All in all, without surprise or treachery, storming the place is not a viable option. Starving it is. Eze, Alpes Maritimes, fortified village in mediaeval times, now artist's colony, had maybe a dozen goats, two donkeys and a mule, no local hunting and more of what they grew there went to feed the animals than the inhabitants, could never have sustained a military holding force without continuous deliveries from the lowlands. Even straight wood for arrows or spear hafts has to be imported.

Since stone is much more easily available than vegetable matter, most of which is fed through goats anyway (main fuel for cooking and heating; goat pellets. Human wastes and urine soaked straw go onto fields) the place is almost entirely fireproof, so a wide range of standard weaponry is useless.
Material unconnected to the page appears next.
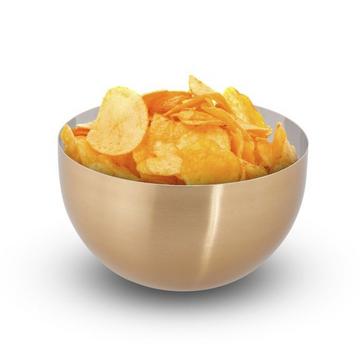 Moderne Servierschale Gold/Silber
All the arguments for getting _force majeur_ up to the gates holds just as well for getting a sallying force out, so generally the easiest solution is to ravage the more accessible valley settlements (which are richer anyway) and just ignore the by now overcrowded, undernourished mountain retreats.


----------



## wordwalker (Apr 15, 2014)

How important is the "high winds" component of it? I don't know how often winds really get so strong that bows become not worth trying. If they are, anything like a chakram that's both heavier and shorter range would be a better idea, plus a sling has the advantage that stones (and leather) might be cheaper than wood for arrows in the mountains. If the winds are really strong, a shield would be a extremely bad idea, the way it catches in the wind. (And shields are wood too.)

If shields are bad, the best weapons might be long spears (if they can get wood, again), with swords or axes for someone who gets past them. You might not be able to move around the trails easily with your pikes, but if you lifted the weapons to a prepared spot they'd be nasty for holding people off.

And, the idea that you can't use formations in tight terrain is relative. If you can only get a few people up a trail at a time, the two men with pikes blocking it _are_ a formation.


----------